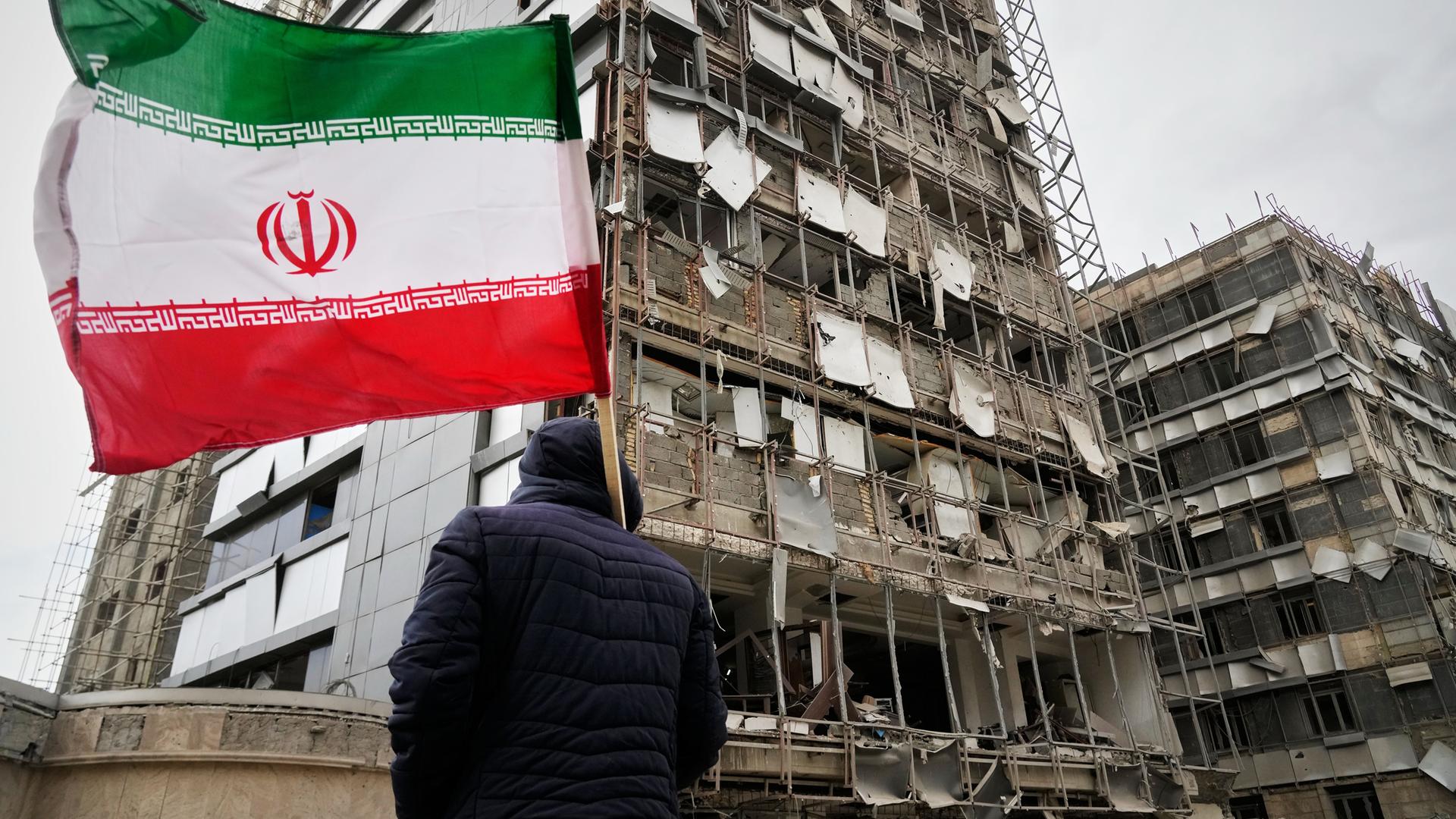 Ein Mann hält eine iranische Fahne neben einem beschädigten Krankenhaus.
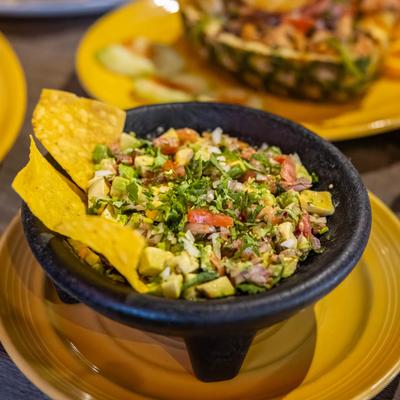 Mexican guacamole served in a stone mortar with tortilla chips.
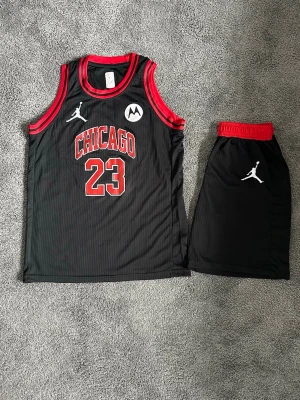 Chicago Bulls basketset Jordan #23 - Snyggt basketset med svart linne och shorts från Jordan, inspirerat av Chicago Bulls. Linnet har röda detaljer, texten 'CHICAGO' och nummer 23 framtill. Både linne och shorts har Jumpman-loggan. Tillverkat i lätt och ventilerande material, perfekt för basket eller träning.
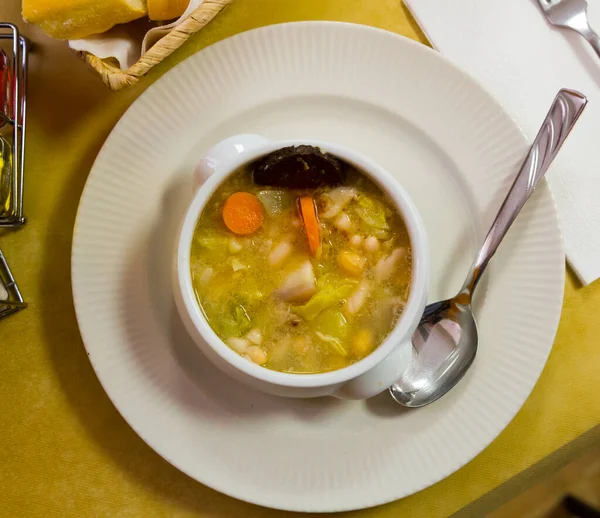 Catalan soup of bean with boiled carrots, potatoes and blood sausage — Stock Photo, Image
==
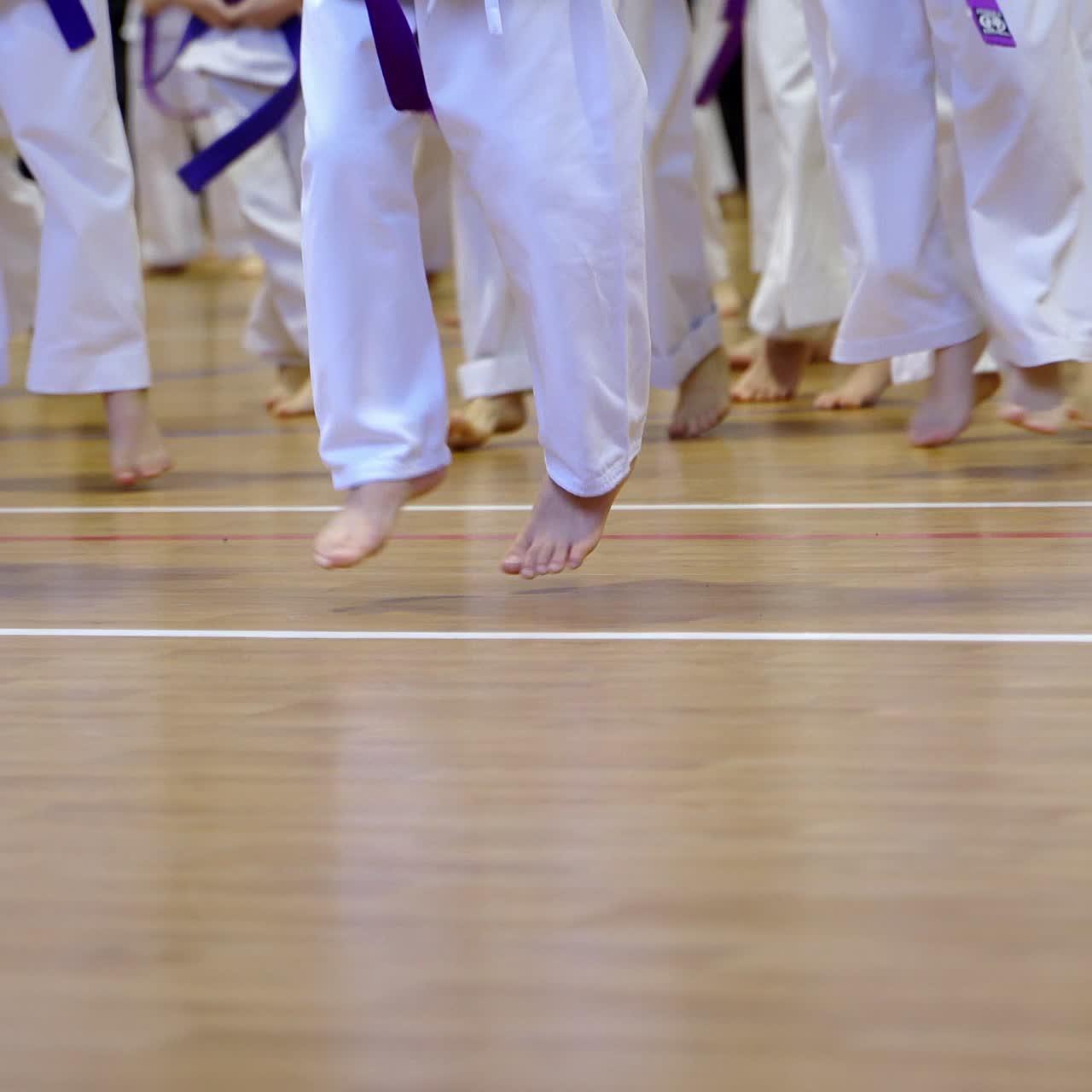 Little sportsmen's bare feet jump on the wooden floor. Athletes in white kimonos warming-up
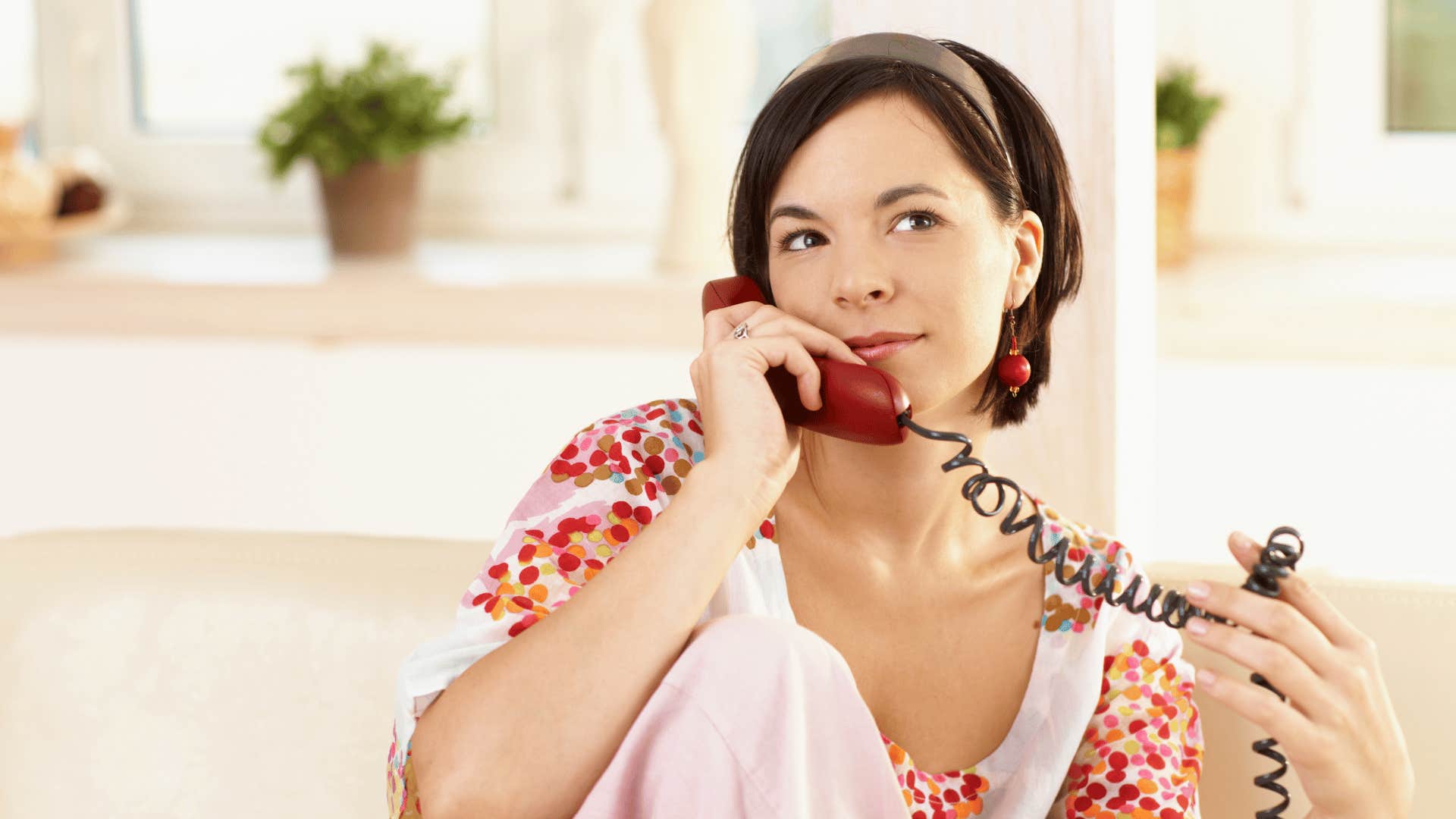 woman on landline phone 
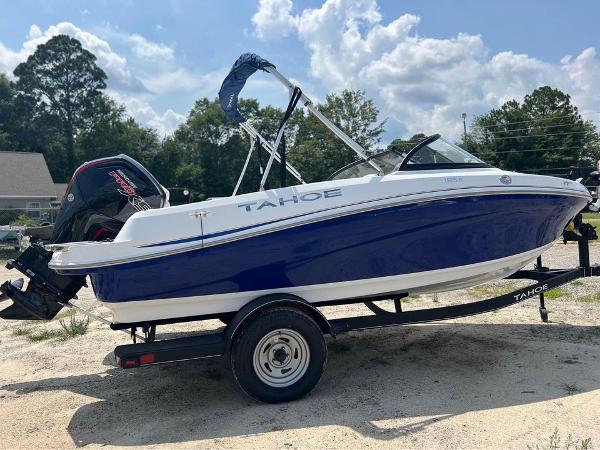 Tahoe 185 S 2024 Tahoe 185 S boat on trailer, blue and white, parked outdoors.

> _TASK REQUIREMENTS_
Print nothing but the lines above starting with the line that contains "Chicago Bulls basketset" and going on through the line that contains "Catalan soup of". Leave out the pictures.

> _WRITTEN ANSWER_
 Chicago Bulls basketset Jordan #23 - Snyggt basketset med svart linne och shorts från Jordan, inspirerat av Chicago Bulls. Linnet har röda detaljer, texten 'CHICAGO' och nummer 23 framtill. Både linne och shorts har Jumpman-loggan. Tillverkat i lätt och ventilerande material, perfekt för basket eller träning.
 Catalan soup of bean with boiled carrots, potatoes and blood sausage — Stock Photo, Image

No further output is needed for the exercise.